Par ailleurs, et alors que le Livre blanc sur la Défense et la sécurité nationale a préconisé la mise en service de 4 Bâtiment de projection et de commandement (BPC) de type Mistral, les marins pourraient s’en contenter de trois, le dernier, le Dixmude, ayant été commandé grâce au plan de relance de l’économie. A moins que les chantiers navals de Saint-Nazaire soient privés de la construction de deux BPC pour la Russie, ce qui les mettrait dans une situation financière très délicate.

Pour ce qui concerne l’armée de Terre, le programme Scorpion est susceptible d’être touché par les mesures économies. S’il sera difficile de passer outre le remplacement des véhicules de l’avant-blindé (VAB), en revanche, il est possible que le projet du futur engin blindé de reconnaissance, qui doit succéder aux AMX10-RC et aux Sagaie, soit remisé à plus tard, de même que la modernisation et la rénovation des chars Leclerc.

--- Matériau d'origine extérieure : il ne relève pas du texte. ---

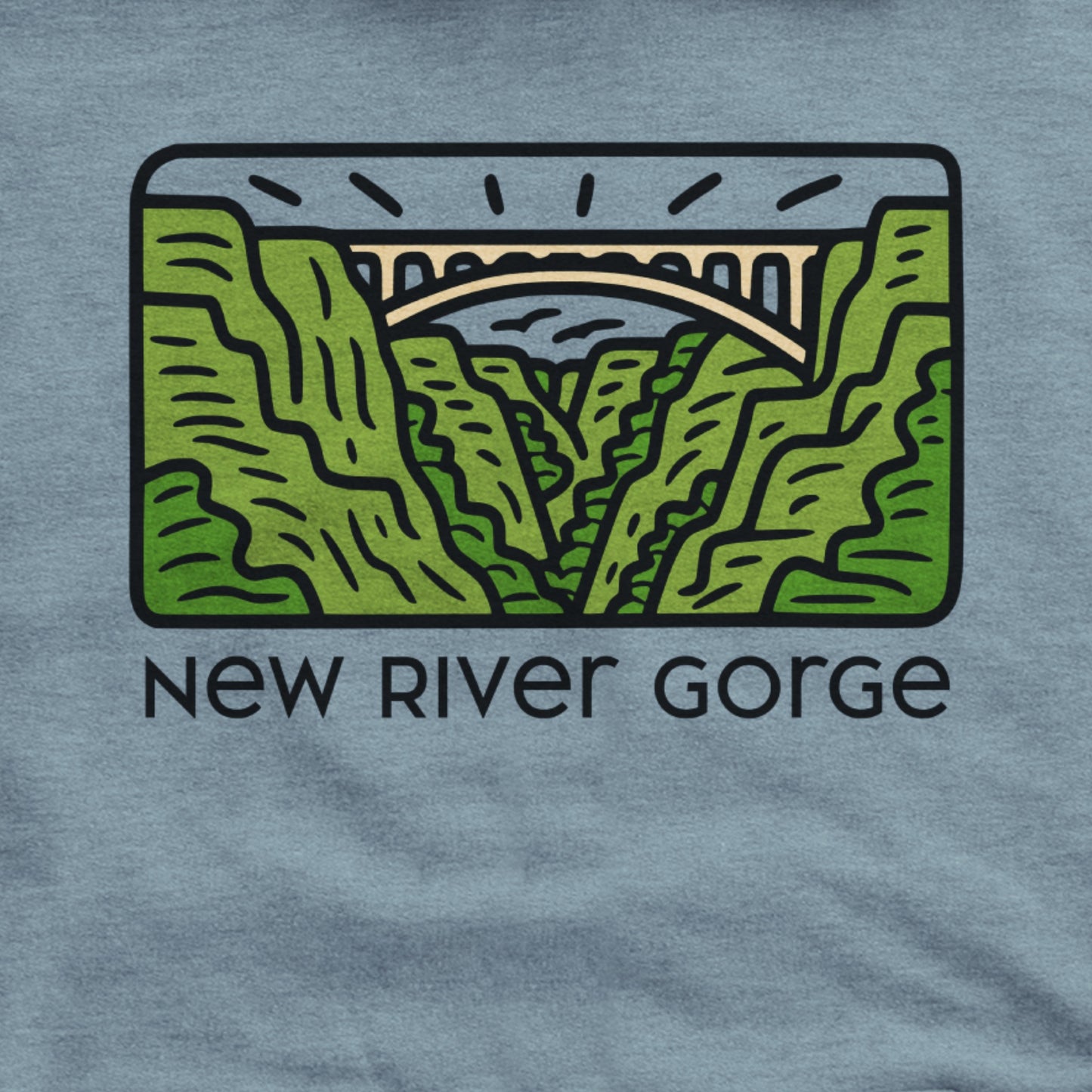 New River Gorge National Park Hoodie Adventure and Outdoors Themed Hoodie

A moins que les programmes dits de « cohérence opérationnelle » fassent les frais du plan d’économies, étant donné qu’ils ont une faible visibilité politique et qu’ils ne représentent pas d’enjeux majeurs pour les industriels. Cela concerne, par exemple, les tourelleaux téléopérés des VAB, les jumelles de vision nocturne ou encore les kits de protection des véhicules blindés. Par le passé, ils ont été sacrifiés, là encore, pour des raisons économiques, même s’ils sont importants pour le soldat envoyé sur le terrain. En 2007, alors chef d’état-major de l’armée de Terre, le général Bruno Cuche s’en était inquiété et avait parlé de « paupérisation » des forces terrestes dans un courrier adressé au chef d’état-major des armées de l’époque, le général Jean-Louis Georgelin.

Côté renseignement, le programme de satellite MUSIS (MUltinational Space-based Imaging System) ne devrait pas être menacé. D’une part, parce que la fonction « connaissance et anticipation » est une priorité fixée par le Livre blanc et d’autre part, il a une portée européenne étant donné qu’il doit, à terme, remplacer les systèmes Helios II, Sar-Lupe et COSMO-Skymed, dont la fin de vie théorique est prévue à partir de 2014.

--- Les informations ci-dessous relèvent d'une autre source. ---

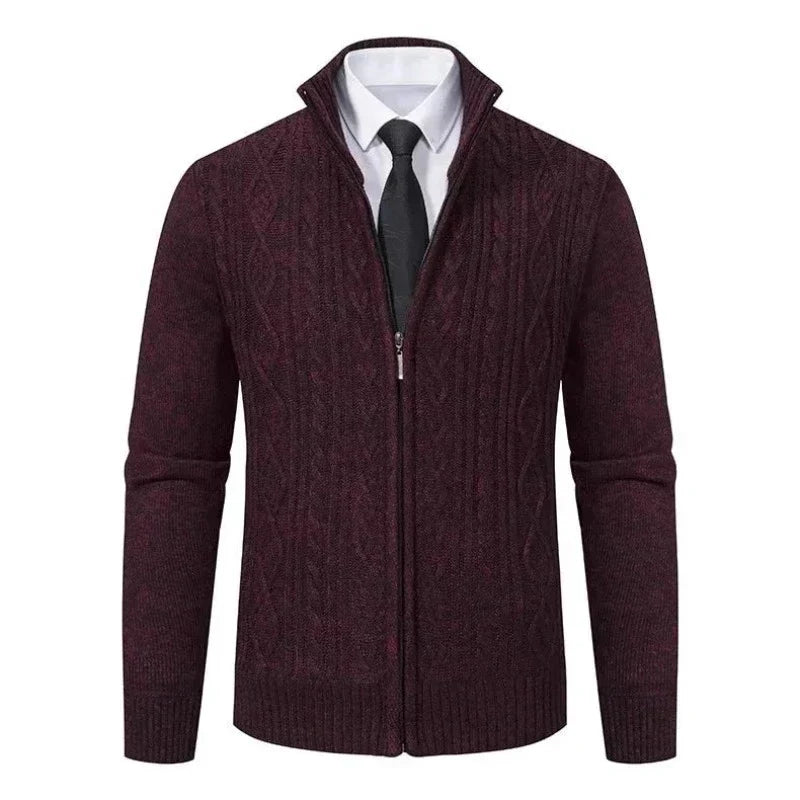 Men's Lightweight Knit Dress Cardigan - Veltic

En revanche, la suite donnée au démonstrateur technologique SPIRALE (Système préparatoire infrarouge pour l’alerte), qui vise à détecter les départs de missiles, reste à voir, sur fond de menace balistique iranienne. Cela étant, l’idée d’une défense antimissile, qui a ses partisans en France, risque d’avoir beaucoup de mal à s’imposer, d’autant plus qu’elle ne suscite pas un enthousiasme débordant de la part d’Hervé Morin, le ministre de la Défense.

2- Aller plus loin dans les réformes?

Rationaliser. Tel est l’objectif de la réforme des armées, ce qui a justifié la disparition de 80 implantations militaires et la mise en place des bases de défense. Peut-on aller encore plus loin? Sans doute. Encore que la proximité de la prochaine échéance présidentielle invite à la prudence, au vu des réactions suscitées par la refonte de la carte militaire.

La Marine nationale ne peut pas faire plus que ce qu’elle a consenti de faire en 2008. L’armée de Terre pourrait éventuellement « densifier » quelques implantations, comme par exemple à Pau. Quant à l’armée de l’Air, elle pourrait éventuellement se résoudre à fermer la base aérienne de Luxeuil, dont le maintien ne se justifie pas pleinement.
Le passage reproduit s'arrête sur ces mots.